Education and support is essential for the newly diagnosed. Understanding the physical changes in the brain is the first step. Take a tour of your brain on the Alzheimer’s website to better understand how it works and learn about the seven stages of Alzheimer’s. Often people resist reaching out for help at first. You will find support groups to be very useful in learning: 1) How to cope with the disease, and 2) Uncovering people’s experience with symptoms and treatments. If you are looking for an early stage support group contact Judy Filippoff, MSW, Early Stage Program coordinator at the Alzheimer’s Association at (800) 272-3900. For a list of support groups through Alzheimer's Aid Society of Northern California click here or visit the Alzheimer’s Association support group and education calendar. Remember, you are not alone in your diagnosis. Watch video
Caregiver Support and Respite Care
Caregiving can be both emotionally draining and extremely rewarding. If you are an adult child with parents needing care, it is a way to give back for the love and nurturing they provided you. There are online support groups just for caregivers. Subscribe to Today’s Caregiver for more tips and articles on how to become a Fearless Caregiver. Here are some things to remember when providing care:
- Take care of your health. Don’t neglect your own doctor’s appointments. You’re physical and emotional strength is needed to care for your loved one.

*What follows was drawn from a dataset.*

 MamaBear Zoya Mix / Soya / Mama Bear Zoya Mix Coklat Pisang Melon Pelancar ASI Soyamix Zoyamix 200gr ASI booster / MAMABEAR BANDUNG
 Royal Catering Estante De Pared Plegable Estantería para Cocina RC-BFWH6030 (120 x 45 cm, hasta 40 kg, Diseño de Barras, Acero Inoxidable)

- Set realistic goals each day. Don’t try to overdo it. Caregiver burnout is a very real and serious thing.
- Eat balanced meals often. Avoid skipping meals. Carry protein snack with you just in case you are waiting in a doctor’s office for prolonged periods.
- Sleeplessness is common, but you need sleep to recharge your energy. If you are experiencing sleep disturbances, check in with your doctor.
- Don't give up activities you love. You need time to relax and do things you enjoy. Make time for yourself at least once a week if not more often. Even a walk around the block can give you the strength needed to support your loved one.
If you are starting to feel the burnout of caregiving, find respite care immediately. Respite care is similar to childcare, or a parent hiring a babysitter for a night out. If you need care during the day while you are at work, look for adult day care in your area.
Learning to Live with Dementia
Your doctor will discuss options for conventional therapies including drugs. Other therapies such as art, music and poetry, can have a positive impact on quality of life and well-being for both the patient and the caregiver. When you need help or have questions, call the Alzheimer’s Association 24/7 help line at (800) 272-3900.
If you are ready for additional levels of care in a secure environment, consider Eskaton’s Dayspring Pre-memory Care program or the Dawn of a New Day program:
Dayspring Pre-memory Care offers a blended or transitional approach to assisted living and memory care. Assisted living residents experiencing mild cognitive impairment and early dementia receive the services and care of assisted living along with the support and assurances of Dawn of a New Day Memory Care.
Dawn of a New Day is a philosophy and empathic approach that distinguishes Eskaton’s memory care by its commitment to highly-trained compassionate staff, engaging activities for people with cognitive challenges, support for family, and an environment of respect.